===== Data to process =====
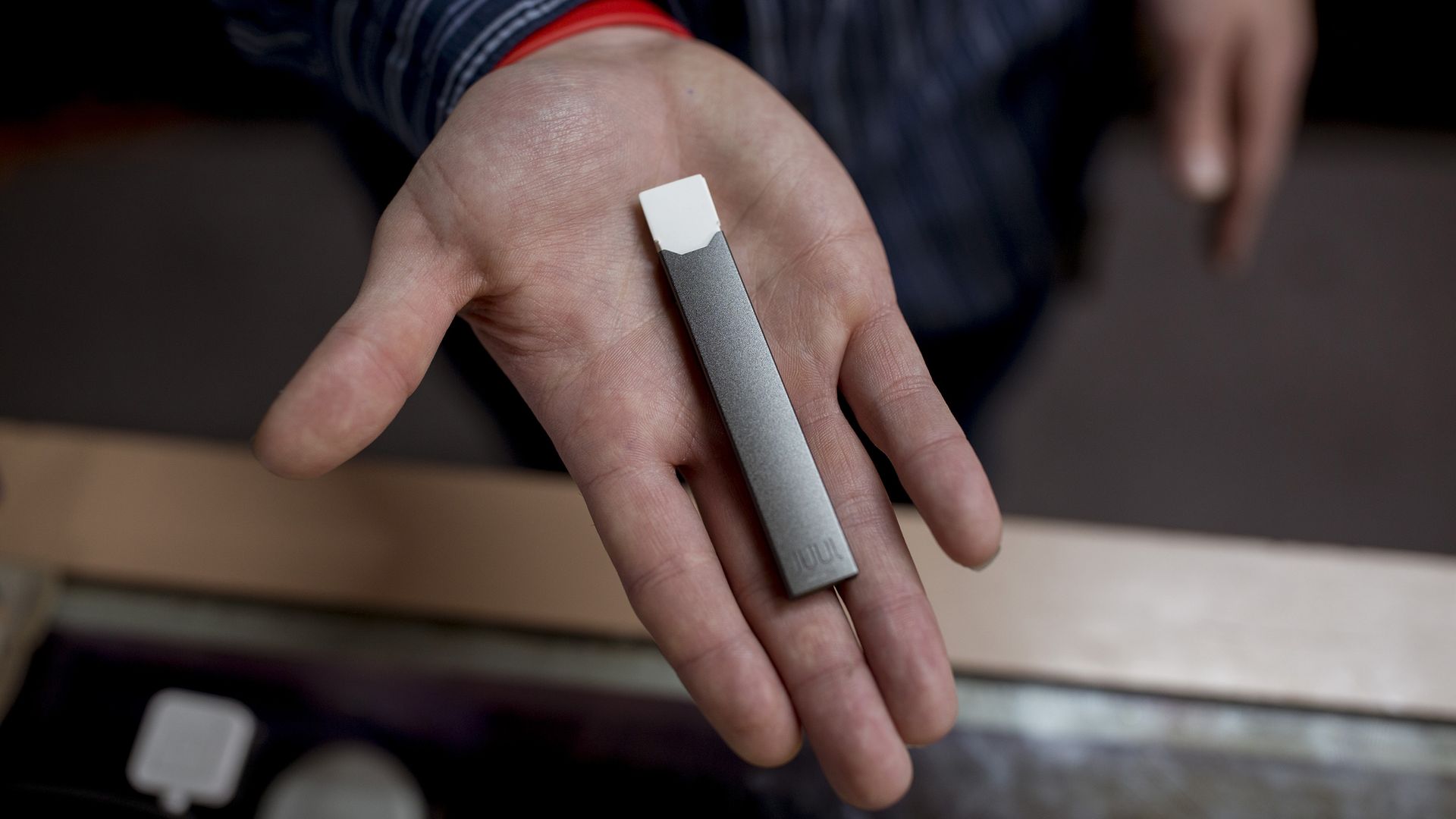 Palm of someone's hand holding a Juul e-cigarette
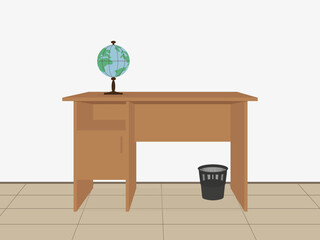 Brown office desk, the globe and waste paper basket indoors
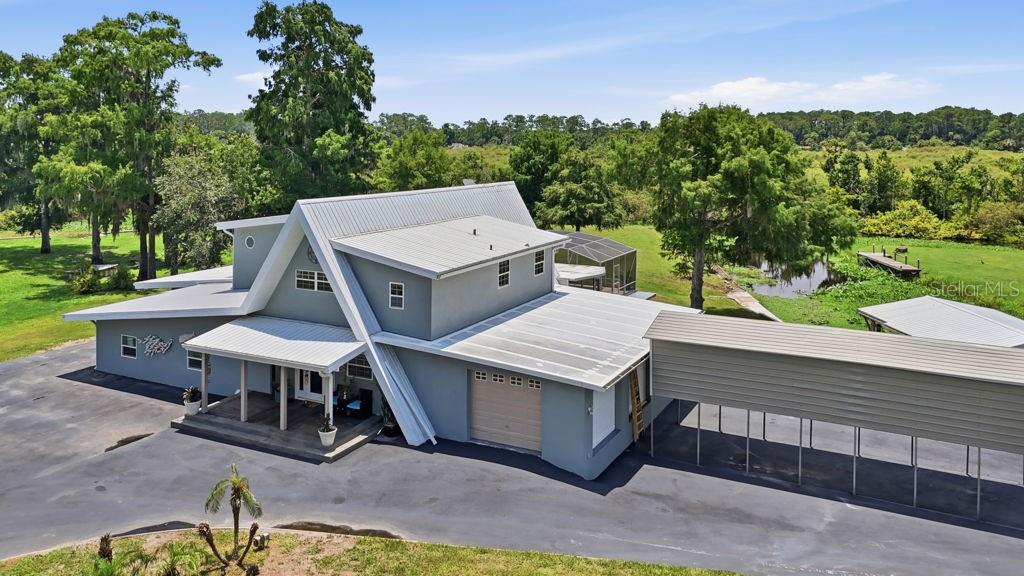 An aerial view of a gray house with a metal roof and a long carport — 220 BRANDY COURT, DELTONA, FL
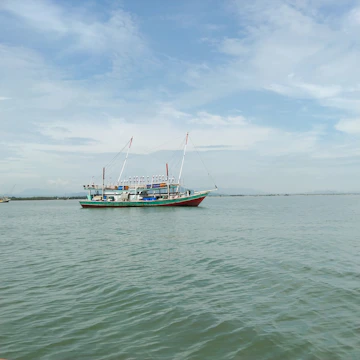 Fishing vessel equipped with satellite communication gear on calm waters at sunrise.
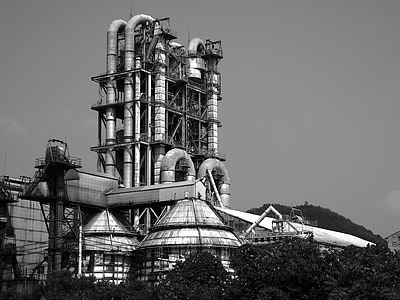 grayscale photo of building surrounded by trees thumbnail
=====
**What to work on:** After locating the line containing "An aerial view" in the entries above, repeat only it and each later line through the end, exactly, without any pictures.

**Finished exercise:**
 An aerial view of a gray house with a metal roof and a long carport — 220 BRANDY COURT, DELTONA, FL
 Fishing vessel equipped with satellite communication gear on calm waters at sunrise.
 grayscale photo of building surrounded by trees thumbnail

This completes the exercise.